Posts Tagged ‘rosneft’

Russia, Italy, Turkey confirm Samsun-Ceyhan pipeline deal

ENI logoThe Vice Prime Minister of the Russian Federation, Igor Ivanovich Sechin, the Russian Minister of Energy, Sergei Shmatko, the Minister of Energy of the Republic of Turkey, Taner Yildiz and the Minister for Economic Development of the Italian Republic, Claudio Scajola, signed today in Milan a joint statement concerning the construction of the Samsun-Ceyhan oil pipeline between Turkey’s Black Sea coast and its Mediterranean coast.

The agreement testifies the level of cooperation among the three Governments, in particular in the energy sector, and it underlines their joint commitment to enhance energy security in their respective countries and in the European market through the diversification of transport routes, as well as the protection of the environment.

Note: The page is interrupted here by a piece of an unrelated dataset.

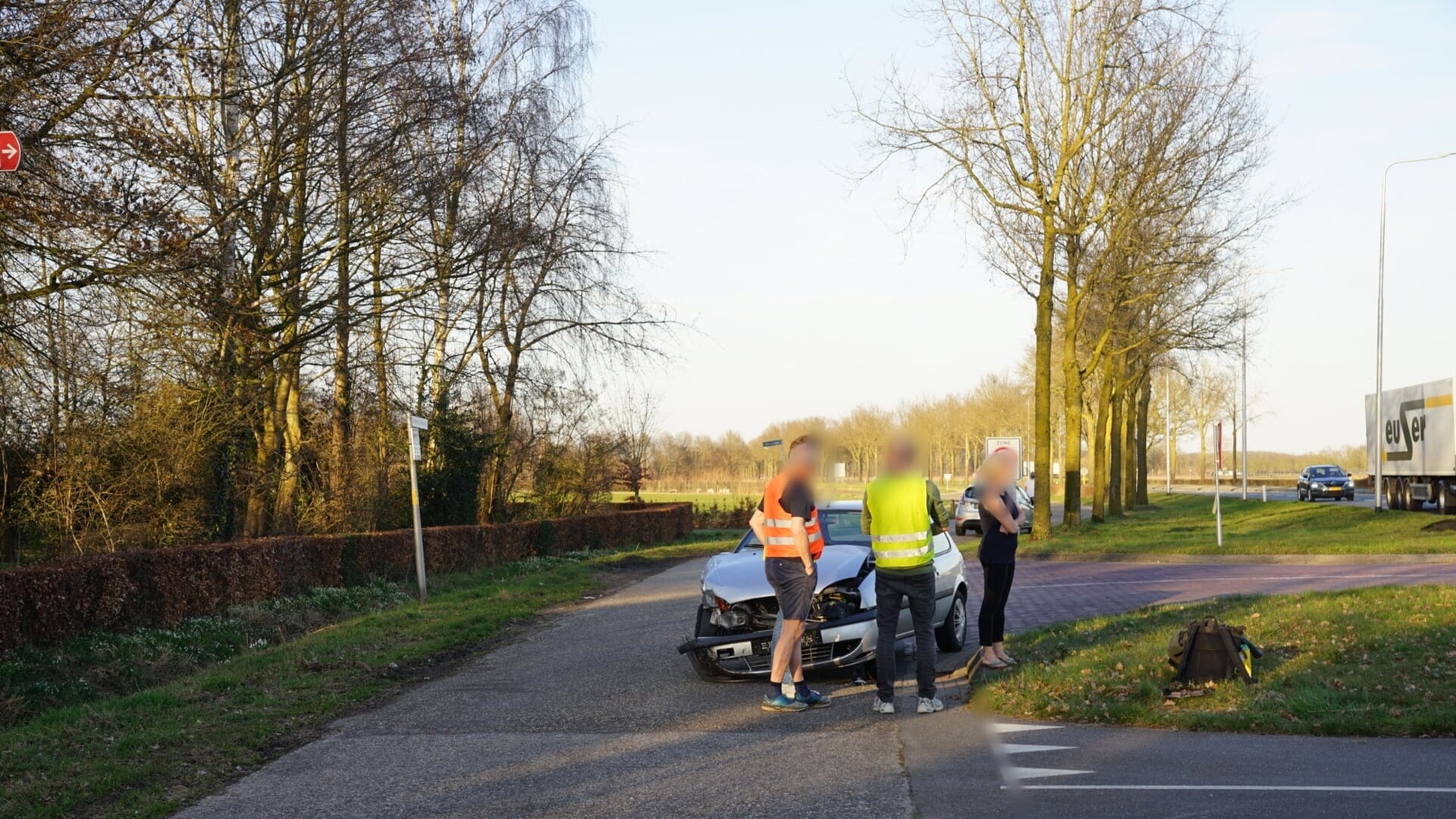 Bestuurder regelt zelf dat auto wordt afgesleept na ongeluk bij Oploo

In line with the agreements signed in Ankara on August 6th 2009 by the representatives of the Russian Federation and the Republic of Turkey, which envisage the participation of Russian oil companies in the Samsun-Ceyhan Project, the Ministers agree that this initiative will contribute to strengthening security of supply, to protecting the environment and to enhanced cooperation.

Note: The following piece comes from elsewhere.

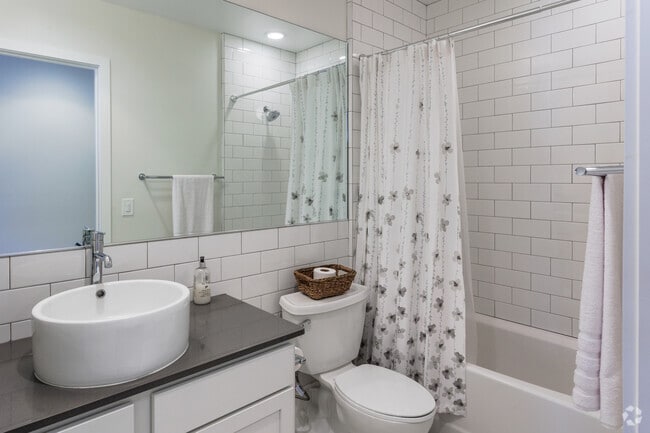 1BR, 1BA - 833SF - Bathroom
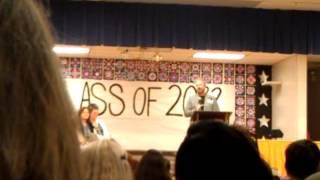 My principal sings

At the same time, representatives of Eni, Calik Holding, JSC Transneft and Rosneft, the energy companies involved, signed a Memorandum of Understanding which envisages the commitment to discuss the definition of the economic and contractual conditions for Russian companies to participate in the Samsun-Ceyhan Project in order to ensure the volume of crude that would guarantee the economic sustainability of the project.

Eni (NYSE:ENI) has been heavily involved in the oil pipeline project since 2005 and will play a leading role in its realization. In 2006, Eni bought 50% of Trans Anadolu Pipeline Company (TAPCO), the company designed for the realization and management of the Samsun Ceyhan pipeline.

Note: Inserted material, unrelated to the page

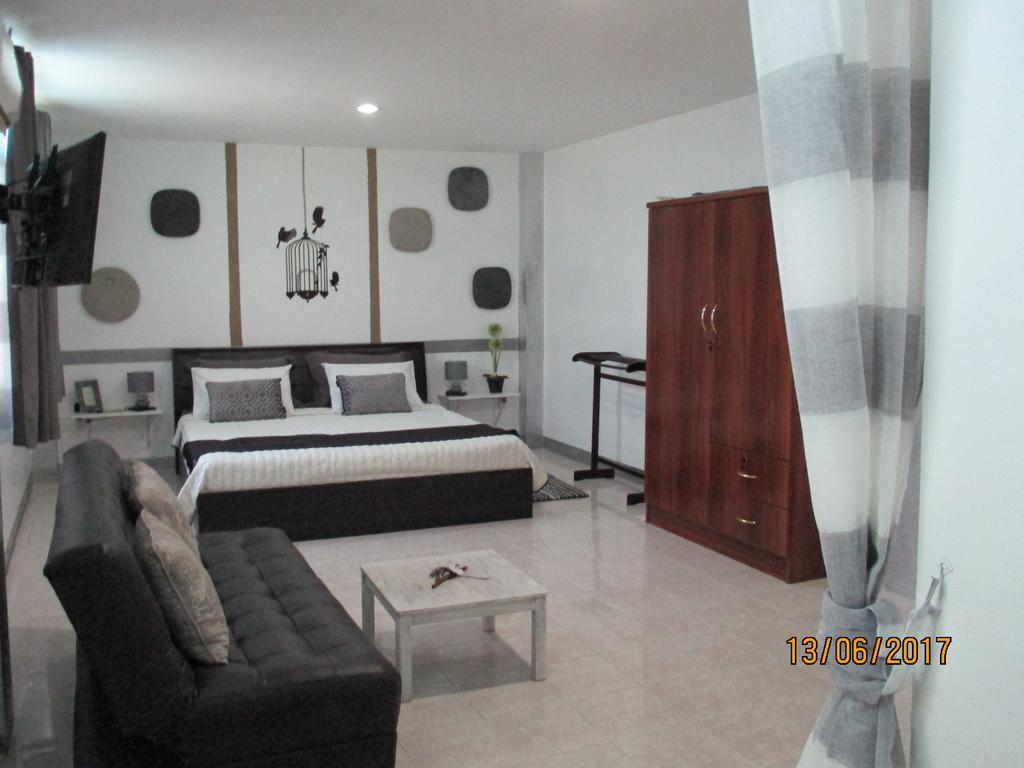 สิมิลัน Hotel หาดบางเทา ภายนอก รูปภาพ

The project has been developed taking environmental issues into consideration and adopting measures which comply with the most rigorous international safety standards. Furthermore, in order to cause minimal disturbance to the environment and existing infrastructure, the pipeline will be built along existing pipeline routes.

The Samsun-Ceyhan pipeline will facilitate safer transport across the Bosphorus and Dardanelles Straits as well as reducing the impact on the region’s complex and delicate ecosystem.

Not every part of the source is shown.